Action item:
Once you have located the line containing "Go to the Sharing" in the material below, return it exactly along with each line after it through the line containing "Where appropriate, set".

╭─ Provided information

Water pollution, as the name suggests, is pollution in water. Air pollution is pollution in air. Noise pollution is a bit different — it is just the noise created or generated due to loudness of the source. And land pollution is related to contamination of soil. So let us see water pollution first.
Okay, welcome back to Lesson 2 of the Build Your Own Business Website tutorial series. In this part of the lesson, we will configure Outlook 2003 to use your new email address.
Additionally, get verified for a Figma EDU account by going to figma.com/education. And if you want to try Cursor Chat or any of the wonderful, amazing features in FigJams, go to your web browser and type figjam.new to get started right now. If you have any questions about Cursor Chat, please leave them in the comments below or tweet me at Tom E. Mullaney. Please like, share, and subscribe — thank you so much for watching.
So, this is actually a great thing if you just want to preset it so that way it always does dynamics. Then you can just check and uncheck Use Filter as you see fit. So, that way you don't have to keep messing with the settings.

╰─
╭─ Provided information

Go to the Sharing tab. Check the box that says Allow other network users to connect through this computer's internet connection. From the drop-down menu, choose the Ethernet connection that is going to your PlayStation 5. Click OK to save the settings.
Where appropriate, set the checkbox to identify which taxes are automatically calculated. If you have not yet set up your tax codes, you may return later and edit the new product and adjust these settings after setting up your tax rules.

╰─
╭─ Provided information

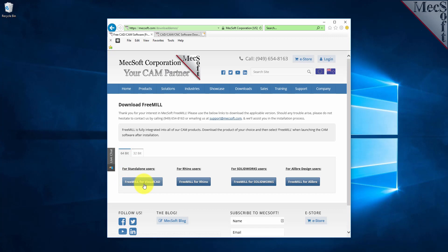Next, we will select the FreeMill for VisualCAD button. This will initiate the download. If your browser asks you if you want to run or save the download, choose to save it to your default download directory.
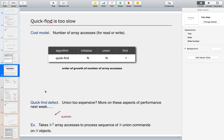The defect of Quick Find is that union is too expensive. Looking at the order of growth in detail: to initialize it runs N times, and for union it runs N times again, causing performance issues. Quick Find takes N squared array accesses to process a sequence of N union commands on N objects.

╰─

Result below:
Go to the Sharing tab. Check the box that says Allow other network users to connect through this computer's internet connection. From the drop-down menu, choose the Ethernet connection that is going to your PlayStation 5. Click OK to save the settings.
Where appropriate, set the checkbox to identify which taxes are automatically calculated. If you have not yet set up your tax codes, you may return later and edit the new product and adjust these settings after setting up your tax rules.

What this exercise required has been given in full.